Be True to Yourself—and Thrive Professionally
Research by Francesca Gino, Professor of Business Administration, Harvard Business School
You’ve done your homework and built your résumé. You know that in order to advance in your career you need to lean in. Still, you avoid some opportunities that could advance your career. How many times have you held back from speaking in a key meeting, or hesitated about asking for a challenging new assignment? You may assume you check yourself for fear of failure. But if you look deeper, it’s probably because putting yourself forward doesn’t feel authentic.
Feeling Authentic Correlates with Job Performance
You want to go for it, but an internal voice argues that you’re not being true to yourself. Harvard Business School Professor Francesca Gino has extensively studied and written about the links between feelings of authenticity and workplace behavior. One series of foundational experiments she coauthored explored the links between participants’ perceived inauthenticity and their self-worth. Recalling a time when they behaved inauthentically, participants frequently reported feeling immoral and impure about themselves.
Our sense of authenticity is like an internal compass that influences every aspect of our work lives. Gino co-conducted a field experiment in a large business process outsourcing company in India to examine the effects of different approaches to training new employees. Findings confirmed that an onboarding program that focused on new employees’ personal identities—emphasizing their unique perspectives and strengths—led to significantly higher customer satisfaction and greater employee retention after six months than traditional orientation programs that emphasized pride in organizational affiliation or skills training.
Finding Confidence Outside Your Comfort Zone
We thrive professionally when we think we’re acting authentically. But sometimes pushing our personal boundaries is a requirement of being successful. Gino co-conducted a series of field experiments at a large US law firm to examine the links between attitudes toward professional networking and career success. Results showed that the lawyers who considered networking distasteful, and avoided it, had fewer billable hours than their peers and were less likely to advance to partner status. In fact, in that setting, professional success depended on the lawyers’ ability to network effectively, both internally and externally.
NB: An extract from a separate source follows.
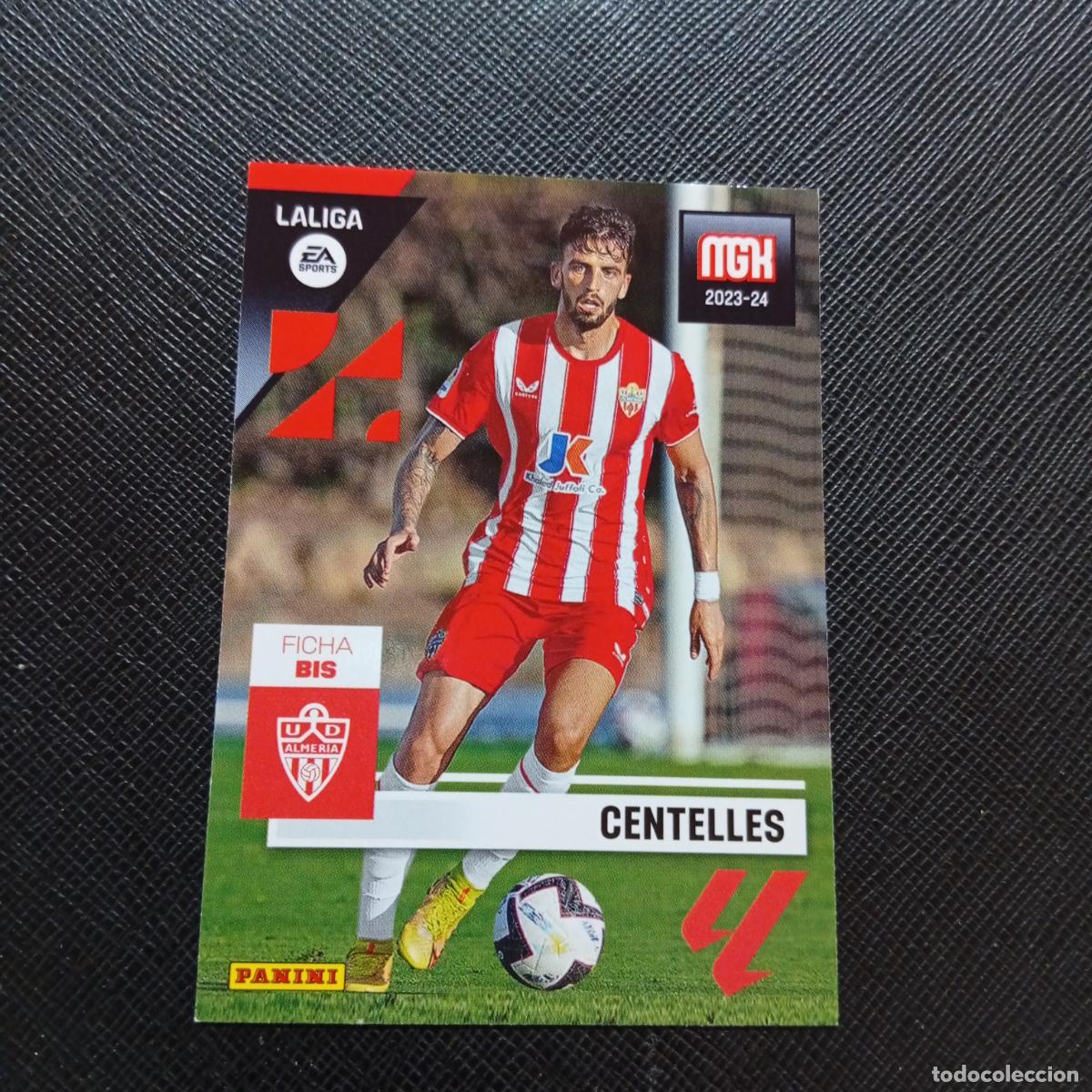 Cromos de F&uacute;tbol: 43 BIS CENTELLES ALMERIA PANINI MEGACRACKS 2023 2024 CROMO FUTBOL 23 24 - A160 PG11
Feeling inauthentic gives rise to anxiety. And when we feel anxious we don’t project competence. But does that mean we can’t venture outside our comfort zone? Gino says we can, if we first acknowledge our feelings of inauthenticity and then work to mentally reframe a potentially threatening situation. By adopting a “promotional” mindset that prioritizes learning and personal growth, we can transition from a defensive to a more positive, curious stance. As we shift from the one-sided “what can I gain?” mindset to a more balanced “what do I bring to the table?” outlook, our anxiety about the interaction fades, and our confidence grows.
So you may shy away from networking because your automatic reaction is that it isn’t you—but, paradoxically, the more you lean into your authentic self and focus on your own strengths, the more comfortable you’ll feel in the next networking or public-speaking.
Gino’s research continues to explore questions of internal motivation, authenticity, and their impact on individuals and organizations. There’s no doubt that staying true to yourself is key to your internal balance and satisfaction. But the evidence suggests that if you slightly tweak your mental framework about a situation in which you initially feel inauthentic, you can take incremental risks that are likely to reap rewards, which in turn will enhance your sense of competence. This virtuous cycle of honoring your core identity, focusing on your strengths, and taking small risks goes a long way toward building your confidence and moving your career forward.